Food refusal: resolved with time, persistence and consistency. It helps to
Provide foods that the child is familiar with and has eaten in the past.
Begging for food: resolved with tears, temper tantrums, time, persistence and consistency. It can take a month before some children resolve to the diet.
Food fixation: resolved with allowing choices, helping with food preparation (if appropriate), reasoning, time and consistency. It isn’t uncommon for kids to want to eat foods that look normal (like eggs and butter). Try to avoid food jags by providing a variety of meals to ultimately avoid burn-out with that one food. There are many good recipes around these days!
These issues are often the most challenging for families. There are behavioral strategies that ease some of the difficulty. Talk to your support system like those here on the Matthews Friends forum.
Other issues to look for:
Reflux: The higher the ratio, the more likely this will occur. Usually seen with ratios > 3:1. This tends to effect the child’s eating. You may smell “sour breath” with wet burps. Some children will say they are “throwing up” in the back of their throats. Most children will refuse to eat or swallow the fat source. Some children will eat well one day then tend not to eat well for two days after. Dividing meals into smaller more frequent meals, separating fluids from meals, keeping the child up-right after eating can help some. The higher the ratio, the more likely medication will be needed to manage the reflux. If not addressed in a timely manor, Lip-locking (food refusal) along with an association of food = pain will develop. This cycle is harder to break the longer it goes on.

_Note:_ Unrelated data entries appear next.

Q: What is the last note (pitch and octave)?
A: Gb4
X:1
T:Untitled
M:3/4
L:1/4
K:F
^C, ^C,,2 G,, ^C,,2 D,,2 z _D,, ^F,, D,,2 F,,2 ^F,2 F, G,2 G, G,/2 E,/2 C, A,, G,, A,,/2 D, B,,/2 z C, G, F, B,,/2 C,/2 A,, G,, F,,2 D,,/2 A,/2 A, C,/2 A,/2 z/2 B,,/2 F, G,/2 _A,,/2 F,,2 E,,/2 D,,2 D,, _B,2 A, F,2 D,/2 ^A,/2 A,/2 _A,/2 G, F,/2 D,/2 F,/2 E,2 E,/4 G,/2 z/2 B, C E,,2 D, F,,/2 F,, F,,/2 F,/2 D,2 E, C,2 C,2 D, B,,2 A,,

Constipation: Two things to look at. One is frequency of the stool, and the other is consistency of the stool. Ideally a stool is passed every day. Realistically a stool should be expelled no later then every third day or a “plug” can develop and these tend to hurt to pass and can trigger seizures.
Consistency of the stool can be manipulated by fluids, the carbohydrate source, digestive enzymes, and when needed a stool softener. The higher the ratio, the more likely the harder the stool.

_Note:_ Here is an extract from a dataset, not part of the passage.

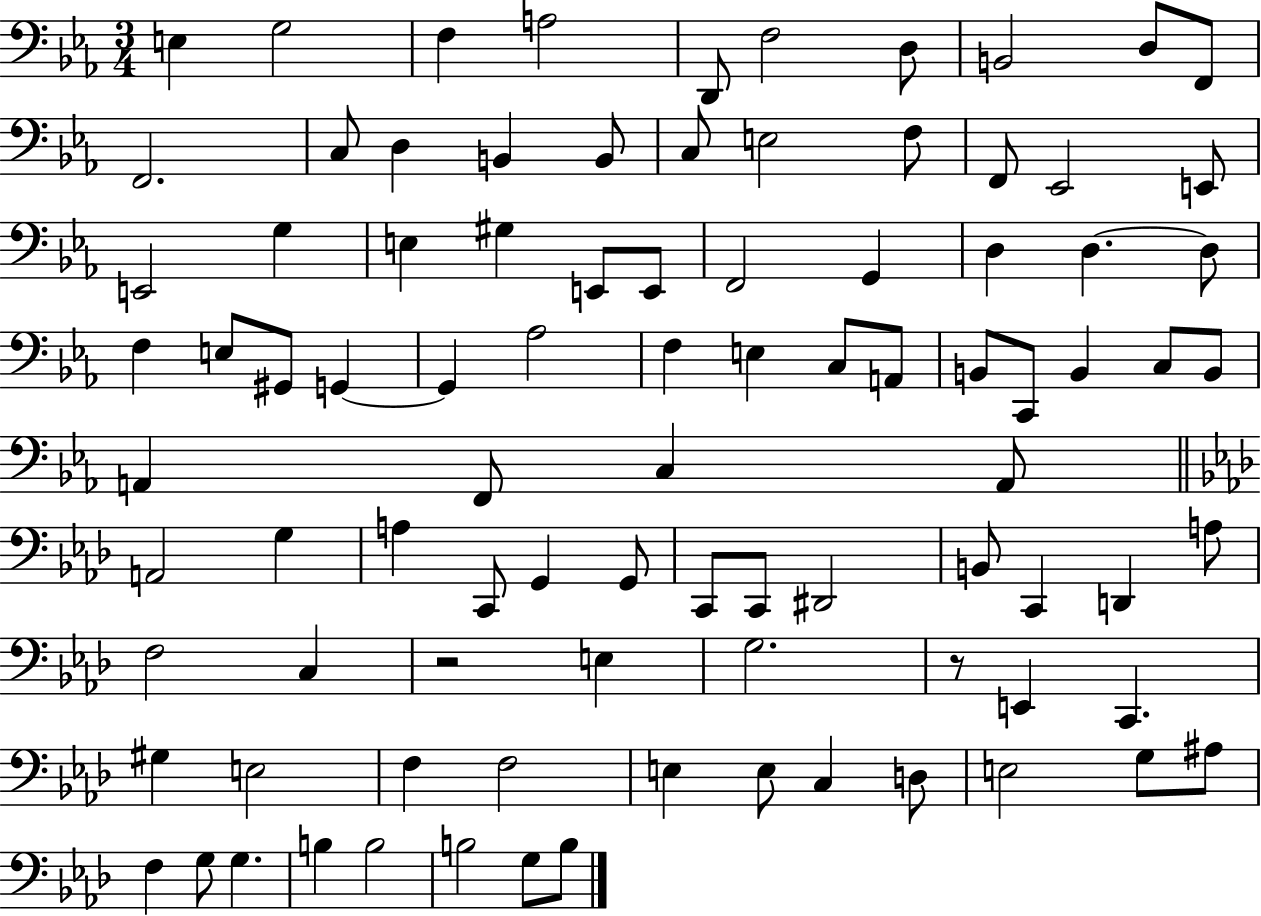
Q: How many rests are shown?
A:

If your child has a soft stool but has trouble passing or initiating it, a trail of digestive enzymes with a higher level of “lipase” can be tried.
Slowed Growth: The higher the ratio, the more likely one may see a slowing of the heightening process especially at a 4:1 ratio.
Kidney Stones: Mostly seen in those children who have a family history of them or can’t tolerate adequate fluid levels.
Let your team know if this is the case. Try to keep the highest level of hydration your child can handle without loss of seizure control.
First indications can look like crystals in the urine or “sludge” ( brown sand) in the urine.